I go to La Crosse every year for Thanksgiving, but unfortunately that coincides with hunting season, limiting my outdoor options a lot. I spend a lot of time in the woods near my grandmother's house, but they don't let me drive their cars anywhere more interesting. Frankly, they're a bit upset that I don't spend all week parked in front of the television with the rest of the couch potatoes of the family. Fortunately I do have one cousin who also likes to go outdoors a lot, so we escape the television trance together. I think about seeing a new area every year that I go there, but never get to. I'd love to try a new area and see something different this year. Crossbills, siskins, a new sparrow...something I've never seen before.
 
:hi: Hi bkrownd enjoyed your response once again. I'm with you on the tv

watching... to much to do and see for that waste of my time :-O

I do understand about the hunting season also; I like to hike the woods in fall and I never seem to know exactly what season is what except for deer. o:)

I did find a couple web sites you might find interesting regarding Wisconsin and area of LaCrosse.

On this first site I'll list, as you look to the left of page, one can find just
about anything of interest for the entire state.
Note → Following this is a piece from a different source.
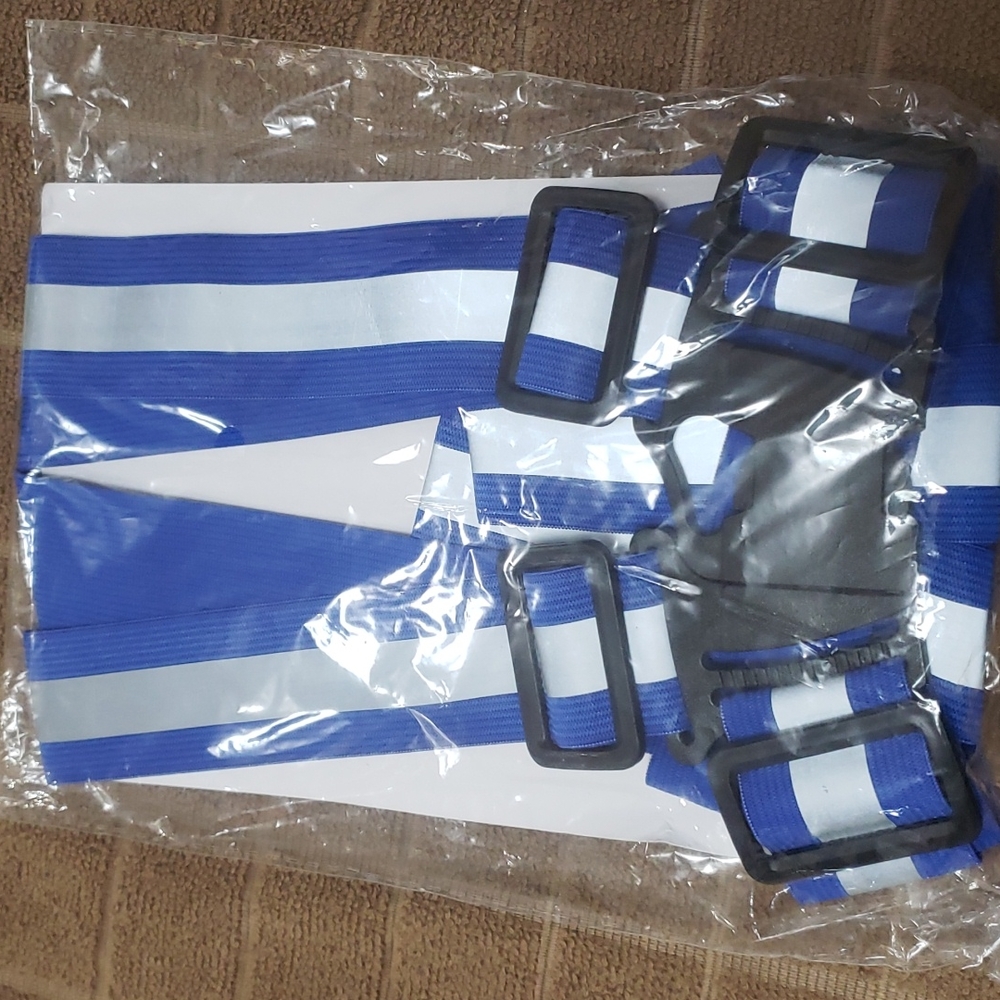 Safety reflective belt stripe night running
We have trails, state parks, state natural areas all to explore and observe birds and wildlife.

http://www.dnr.state.wi.us/org/land/parks/


http://lacrosseriverstatetrail.org


Here's hoping you will be able to find something of interest when you visit during Thanksgiving this coming year and hope you and your cousin can get out there in nature.

Have a great day o:D
 
thanks...very timely, since I'll be there soon. (please good weather, please good weather, please good weather....)
 
Time to start thinking about Thanksgiving in St. Paul and La Crosse again! Last year brought a bumper crop of boreal birds in MN/WI, and I caught redpolls, crossbills and siskins during my November trip. I got a good send-off on the last day in La Crosse with a great horned owl, as well as an unexpected varied thrush. I hope 2009 is just as productive, but we've had a string of unusually good thanksgiving weather in recent years that has to break eventually.

I still need purple finch, which has eluded me for years. Snow bunting, lapland longspur or horned lark would also be nice - I'm hitting the wrong habitats for those, I guess. I didn't do my homework well enough last year and missed a Townsend's solitaire I should have easily picked up. (cousin of our 'oma'o) I can't wait to hear the wonderful sound of crows on a crisp November morning again - nothing defines Minnesota for me like bundling up for a walk filled with morning crows, frost underfoot and cloudy breaths in the stillness of the crispy clean morning air. The beep-beeps of the nuthatches are another wonderful autumny sound.